Abstract: Deep Learning brings breakthroughs into computer vision, speech recognition, natural language processing and other applications. Those breakthroughs are achieved by feeding a huge amount of data into large-scale Deep Neural Networks (DNNs). The large scale brings new challenges to both DNN inference and DNN training. In the inference, the computation complexity is unaffordable in edge devices (such as drones, mobile devices and robots). Therefore, compact/efficient DNNs are required for real-time inference on the edge.
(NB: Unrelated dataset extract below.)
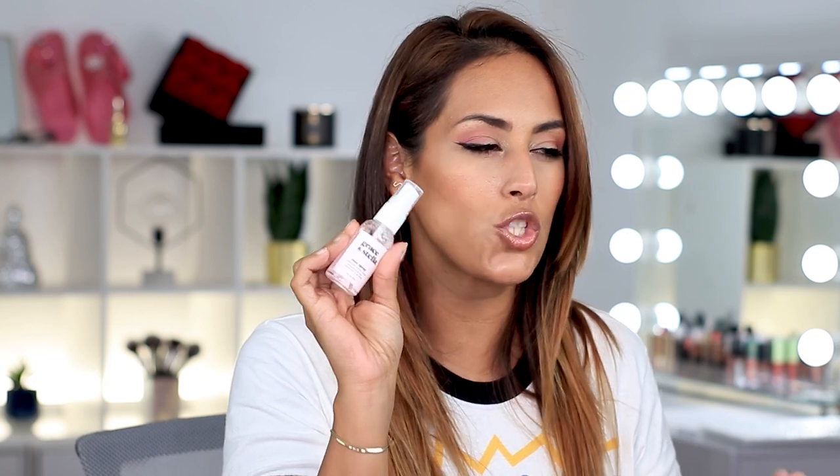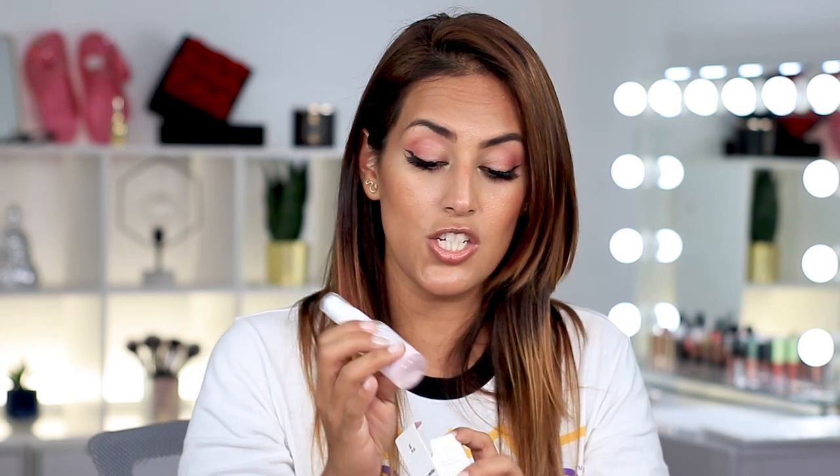Item number one is a Rose Hydrating Spray — it's a hydrating facial spray by Grace and Stella. I feel like I've had this exact size already and I also have the full size, probably both in the closet somewhere. I haven't really gravitated towards it, but to be fair I do like it — it's very soothing on the skin with or without makeup. I typically use it without makeup after my skincare. I love the whole vibe and the scent of roses — it makes me feel a little bougie.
State-of-the-art model compression methods can reduce the storage sizes of DNNs; however, they converge to irregular structures, which are unfriendly for hardware execution. In this talk, I will introduce our general learning algorithms [1][2][3] to dynamically remove regular structures (including neurons, filters, channels, layers, matrix dimensions, ranks, hidden states/cells, etc).  I will show, using our approaches, the final compact DNNs have regular structures as traditional DNNs do, and can be directly deployed without any software or hardware twisting. The second part of the talk will cover our recent progress on scalable distributed Deep Learning. In the DNN training, distributed systems are usually utilized to boost the computing power; however, the communication becomes the new speed bottleneck because of the gradient synchronization. I will introduce our SGD variant (TernGrad) to overcome the bottleneck. In TernGrad [4], floating/32-bit gradients are stochastically quantized to only 3 levels (i.e. ternary gradients) such that each gradient needs less than 2 bits to encode the information, therefore, significantly reducing the communication.
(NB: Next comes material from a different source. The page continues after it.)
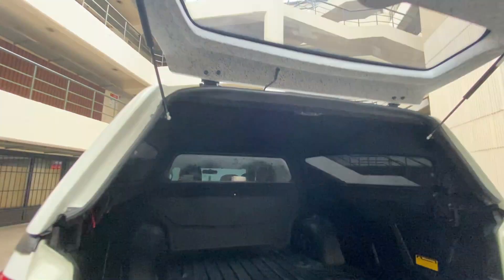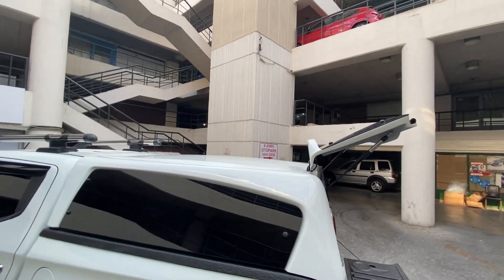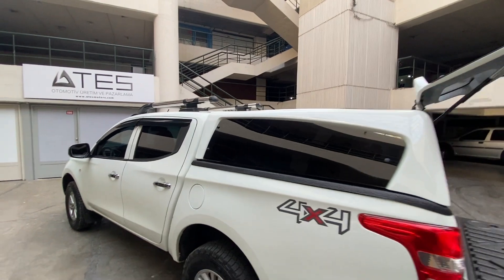The trunk lids are opened with shock absorbers. In our company, we ship many accessories to the whole world. We have dealers in your country. You can check it out by visiting our global web address www.eatsmotors.com.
[1] Wei Wen, Chunpeng Wu, Yandan Wang, Yiran Chen, Hai Li,  “Learning Structured Sparsity in Deep Neural Networks”, the 30th Annual Conference on Neural Information Processing Systems (NIPS), 2016.

[2] Wei Wen, Yuxiong He, Samyam Rajbhandari, Minjia Zhang, Wenhan Wang, Fang Liu, Bin Hu, Yiran Chen, Hai Li,  “Learning Intrinsic Sparse Structures within Long Short-Term Memory”,the 6th International Conference on Learning Representations (ICLR), 2018.

[3] Wei Wen, Cong Xu, Chunpeng Wu, Yandan Wang, Yiran Chen, Hai Li,  “Coordinating Filters for Faster Deep Neural Networks”, Proceedings of the IEEE International Conference on Computer Vision (ICCV), 2017.

[4] Wei Wen, Cong Xu, Feng Yan, Chunpeng Wu, Yandan Wang, Yiran Chen, Hai Li,  “TernGrad: Ternary Gradients to Reduce Communication in Distributed Deep Learning”,the 31st Annual Conference on Neural Information Processing Systems (NIPS), 2017. (Oral, 40/3240=1.2%. Available in official PyTorch/Caffe2).

Bio:Wei Wen is a fifth-year Ph.D. student in Duke University, supervised by Dr. Hai Helen Li and Dr. Yiran Chen. His research is Machine Learning and its applications in Computer Vision and Natural Language Processing. More specific, he focuses on efficient deep learning on the edge, optimization algorithms for distributed machine learning, and learning algorithm understanding.

He closely worked with Facebook Research, Microsoft Research, Intel Labs, and HP Labs, where he landed his research into industrial AI productions, including Facebook Applied Machine Learning, Microsoft Bing, Intel Nervana & SkimCaffe, etc. He is a contributor of PyTorch/Caffe2. Homepage: http://www.pittnuts.com/